──────── MATERIALS PROVIDED

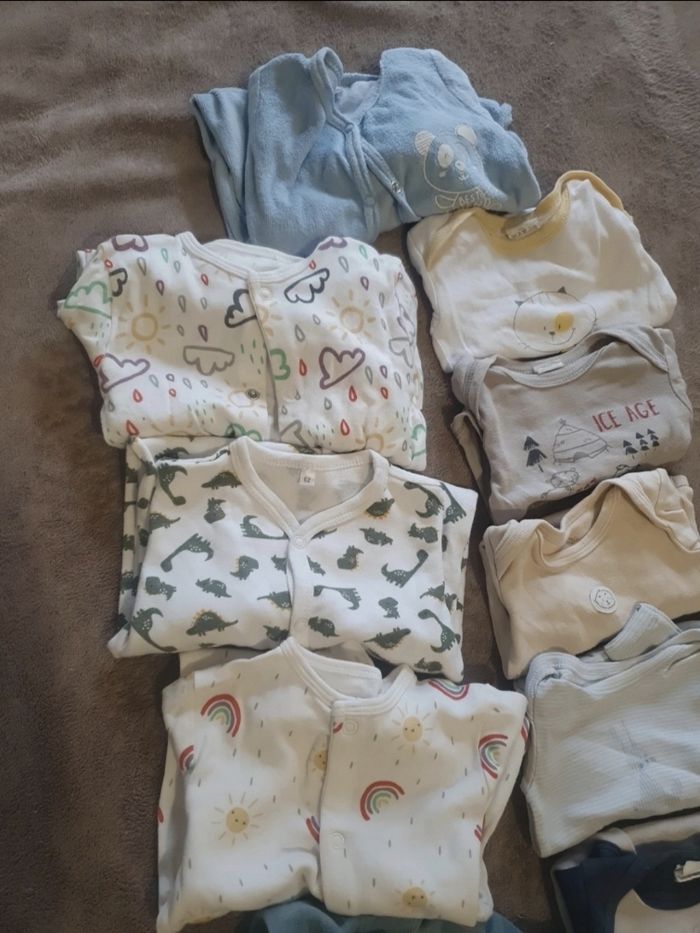 Pyjamas et bodys 3m - photo numéro 2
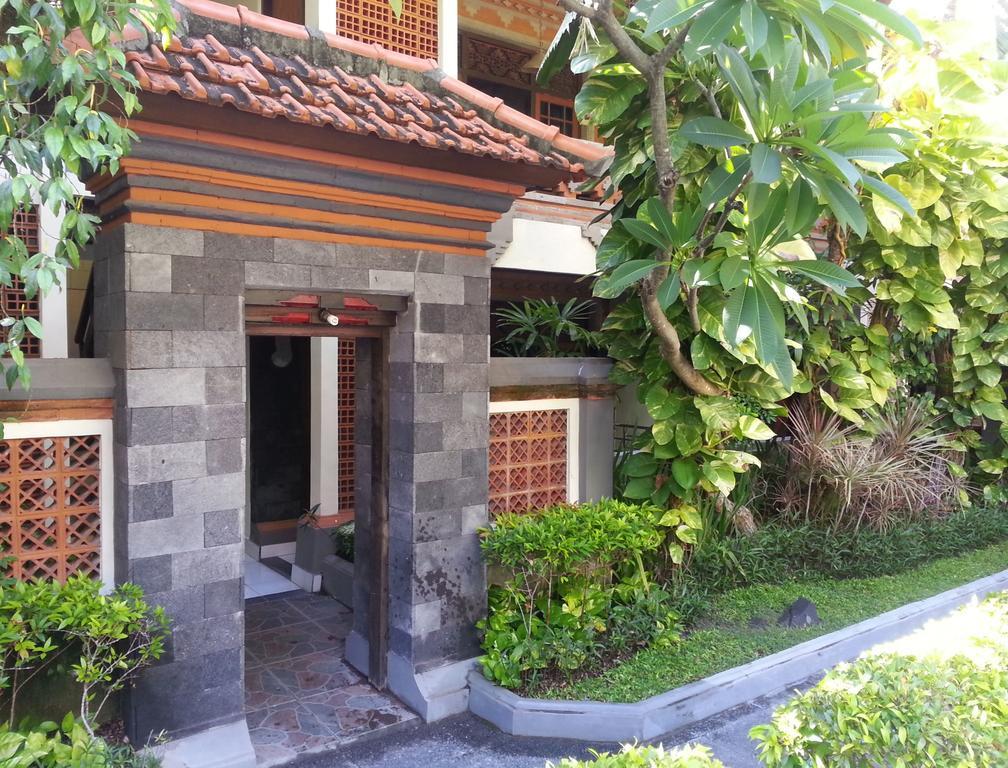 Dewa Bharata Bungalows Legian Esterno foto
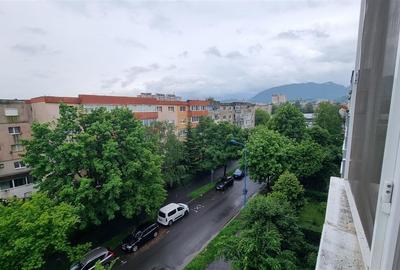 Apartament de 4 camere , zona Tractorul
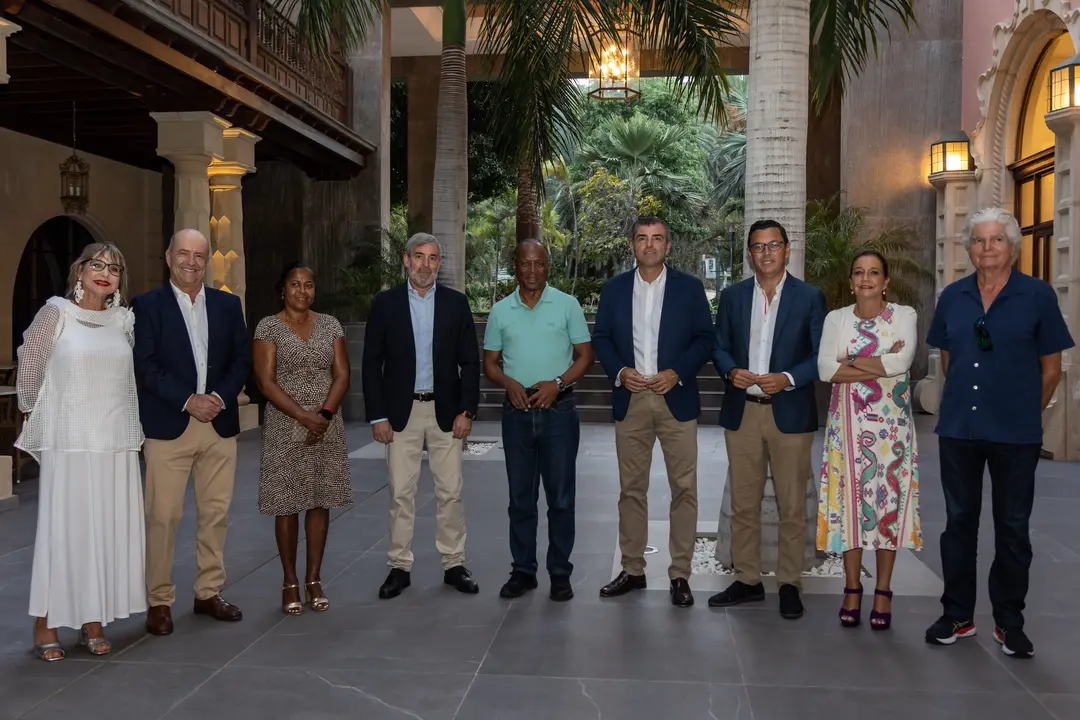 Asistentes a la cena Canarias-Cabo Verde.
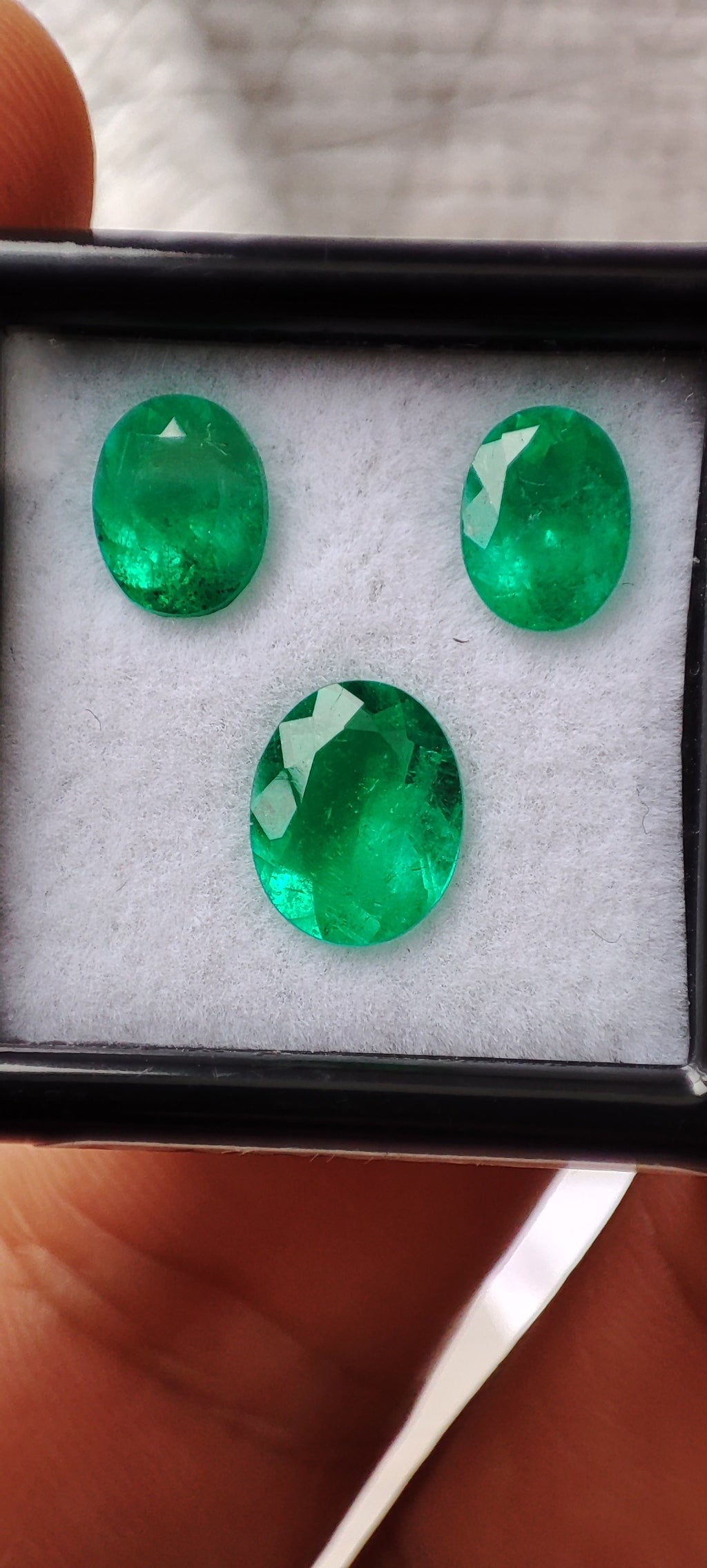 Emerald set 3.74 ct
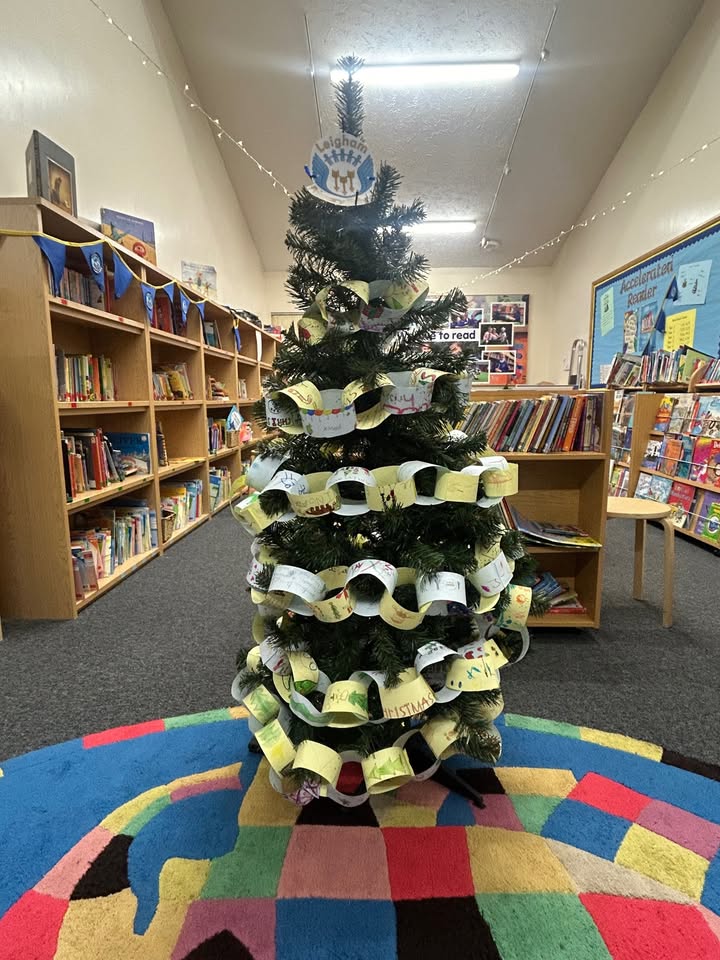 1806064686287007_1512335440900270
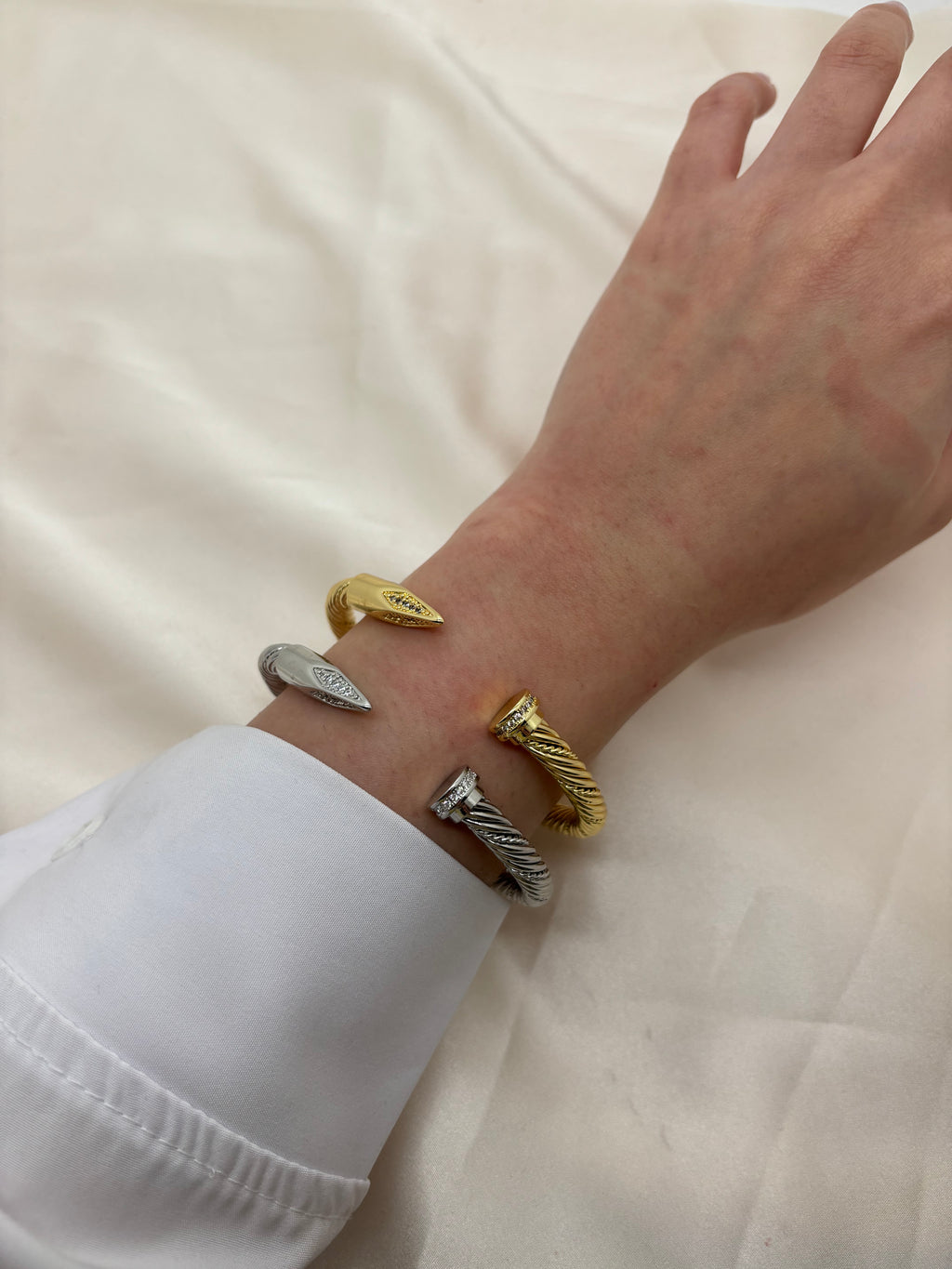 Arrow zircon bangle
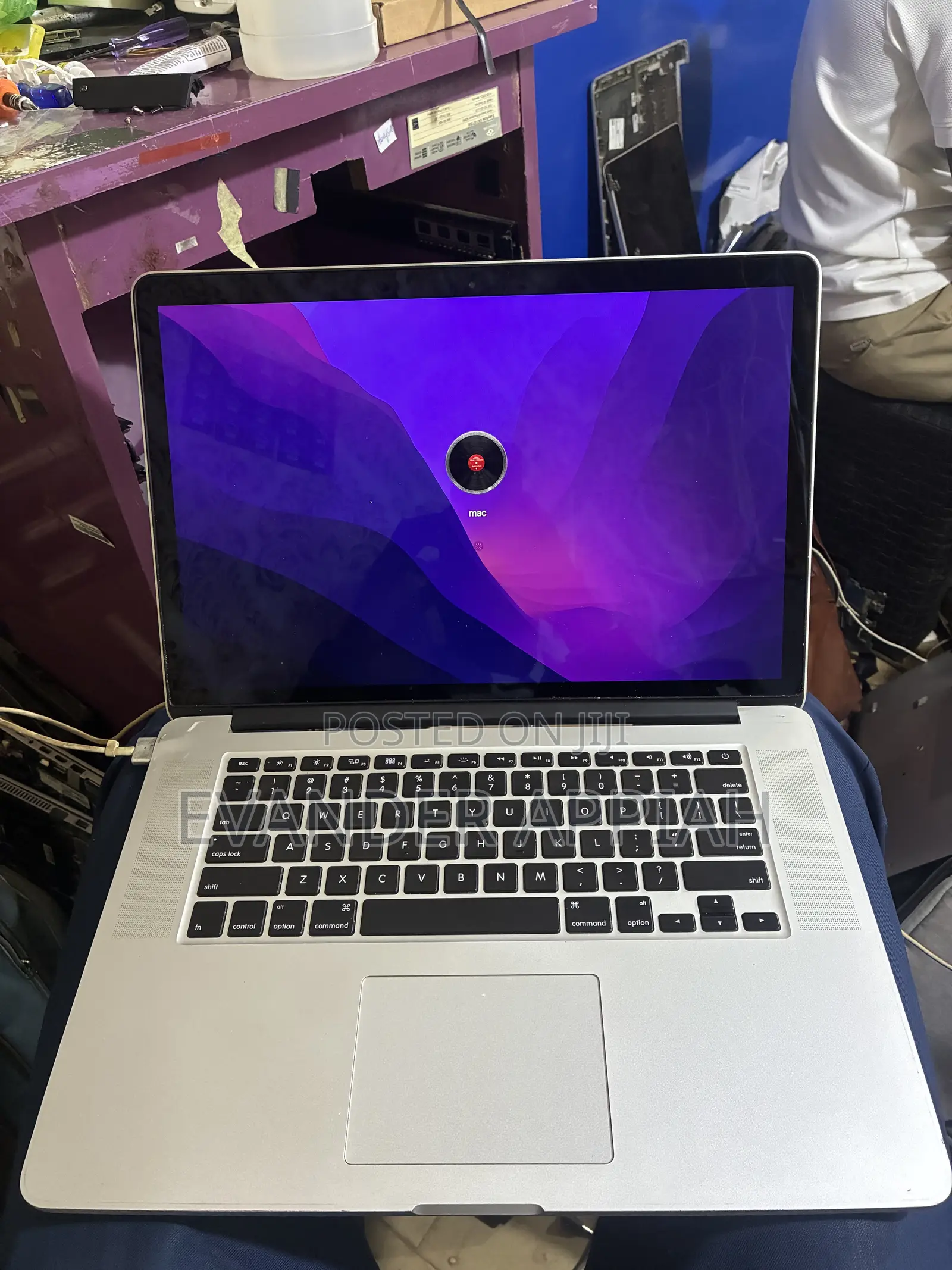 Laptop Apple MacBook Pro 2015 16GB Intel Core i7 SSD 256GB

────────────────

REQUIRED WORK
Repeat only the lines from the one holding "Emerald set 3.74 ct" through the last line of the data, inclusive. Keep the pictures out.

RESPONSE TO THE EXERCISE
 Emerald set 3.74 ct
 1806064686287007_1512335440900270
 Arrow zircon bangle
 Laptop Apple MacBook Pro 2015 16GB Intel Core i7 SSD 256GB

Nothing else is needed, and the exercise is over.